To download the docker image that we used for our experiments, navigate to [this url](https://drive.google.com/file/d/1c7lOFLIf4rA2HRqfdRaEvYsbTSRlTjwE/view?usp=sharing) or [install gdrive](https://github.com/odeke-em/drive/releases) and run the following commands:
```sh
drive init
# ... copy authorization url to your browser ...
drive pull -id 1c7lOFLIf4rA2HRqfdRaEvYsbTSRlTjwE # md5sum: 1e198bfd8ca37a5f49d0b380e85234d2
```
Then, to load and run the container:
```console
$ ./load_image.sh packware-docker.tar
$ ./run_docker.sh
```
Now, you can run all the experiments.
## 4. Experiments
You need to execute the following scripts in ```code/experiments``` directory. Roughly speaking, each experiment uses one configuration file (starts with ```config*.py```) and the main training file (training.py or training-nn.py for neural network).
In ```config*.py```, ```round``` means how many times we run an experiments. It is just for collecting more coherent results, it has set to five in our experiments.
We know the code is not very well-written, and we are happy to answer all the questions.

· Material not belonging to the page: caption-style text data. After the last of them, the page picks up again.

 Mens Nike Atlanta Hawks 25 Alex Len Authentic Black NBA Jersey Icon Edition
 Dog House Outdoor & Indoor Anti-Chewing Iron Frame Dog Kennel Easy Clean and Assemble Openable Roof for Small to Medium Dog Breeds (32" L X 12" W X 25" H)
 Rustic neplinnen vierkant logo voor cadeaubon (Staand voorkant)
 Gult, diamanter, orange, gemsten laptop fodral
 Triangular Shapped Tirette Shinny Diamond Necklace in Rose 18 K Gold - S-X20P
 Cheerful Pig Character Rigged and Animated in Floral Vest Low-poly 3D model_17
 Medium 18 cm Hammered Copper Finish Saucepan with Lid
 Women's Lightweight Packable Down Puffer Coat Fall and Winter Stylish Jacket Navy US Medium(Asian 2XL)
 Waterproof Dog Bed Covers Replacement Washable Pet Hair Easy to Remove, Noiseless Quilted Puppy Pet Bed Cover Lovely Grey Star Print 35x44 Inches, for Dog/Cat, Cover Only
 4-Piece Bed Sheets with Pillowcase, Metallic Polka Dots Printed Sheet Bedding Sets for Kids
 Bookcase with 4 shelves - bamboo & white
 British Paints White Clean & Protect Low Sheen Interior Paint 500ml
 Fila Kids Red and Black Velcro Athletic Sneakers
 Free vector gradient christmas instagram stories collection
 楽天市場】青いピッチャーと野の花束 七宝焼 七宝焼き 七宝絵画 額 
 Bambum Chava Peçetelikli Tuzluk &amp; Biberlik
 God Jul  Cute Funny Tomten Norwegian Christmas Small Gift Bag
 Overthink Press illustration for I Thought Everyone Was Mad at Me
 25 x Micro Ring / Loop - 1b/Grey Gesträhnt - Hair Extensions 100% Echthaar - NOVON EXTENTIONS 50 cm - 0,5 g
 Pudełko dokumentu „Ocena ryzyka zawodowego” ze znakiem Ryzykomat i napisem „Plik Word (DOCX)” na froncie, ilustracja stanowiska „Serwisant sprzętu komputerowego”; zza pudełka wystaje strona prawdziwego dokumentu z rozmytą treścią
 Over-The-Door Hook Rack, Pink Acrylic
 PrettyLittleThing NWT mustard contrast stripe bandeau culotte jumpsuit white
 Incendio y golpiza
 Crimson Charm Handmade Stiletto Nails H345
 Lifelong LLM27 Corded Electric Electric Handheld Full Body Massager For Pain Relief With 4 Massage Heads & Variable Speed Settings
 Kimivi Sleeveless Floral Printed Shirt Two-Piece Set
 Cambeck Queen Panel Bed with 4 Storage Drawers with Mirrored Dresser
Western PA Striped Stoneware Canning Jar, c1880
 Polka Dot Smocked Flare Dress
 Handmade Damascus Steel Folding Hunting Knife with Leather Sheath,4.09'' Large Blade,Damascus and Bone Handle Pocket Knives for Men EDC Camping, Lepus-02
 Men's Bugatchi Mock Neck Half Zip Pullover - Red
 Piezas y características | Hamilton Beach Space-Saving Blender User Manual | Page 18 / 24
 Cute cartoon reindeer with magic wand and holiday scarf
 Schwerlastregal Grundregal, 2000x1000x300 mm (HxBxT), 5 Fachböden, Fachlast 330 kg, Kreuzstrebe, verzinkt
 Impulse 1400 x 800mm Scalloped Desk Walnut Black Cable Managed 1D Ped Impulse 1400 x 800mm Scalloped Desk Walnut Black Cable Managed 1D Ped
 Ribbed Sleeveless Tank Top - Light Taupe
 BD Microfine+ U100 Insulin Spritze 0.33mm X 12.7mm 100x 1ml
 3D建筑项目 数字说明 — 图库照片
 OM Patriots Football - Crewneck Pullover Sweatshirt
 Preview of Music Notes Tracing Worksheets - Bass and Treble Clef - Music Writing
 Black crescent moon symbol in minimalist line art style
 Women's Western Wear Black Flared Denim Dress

Run the following commands for the experiments in the paper (with the same order as in the paper).
```
./exp_nopacked-benign.sh
```

To run Experiment "packer classifier", run:
```
python packerclassifier.py
```

To run Experiment "good-bad packers", run:
```
python run_goodbadpackers_allcombs.py
```
```
./exp_diffPackedBenign.sh
./exp_diffPackedBenignNN.sh # for neural network
```
```
./exp_labDiffPackedBenign.sh
./exp_labDiffPackedBenignNN.sh # for neural network
```
```
./exp_singlepacker.sh
./exp_singlepacker-onlyapiimport.sh
./exp_singlepacker-onlyheader.sh
./exp_singlepacker-onlyrich.sh
./exp_singlepacker-onlysections.sh
```
```
./exp_wildvspacker.sh
./exp_wildvspacker-rich.sh
./exp_wildvspacker-nn.sh # for neural network
```
```
./exp_withheldpacker.sh
./exp_withheldpacker-nongrams.sh
./exp_withheldpacker-nn.sh # for neural network
```
```
./exp_labagainstwild.sh
```
```
./exp_dolphin.sh # Strong & Complete Encryption
```

For the adversarial experiment, use ```code/experiments/adversarial/adv.py``` script.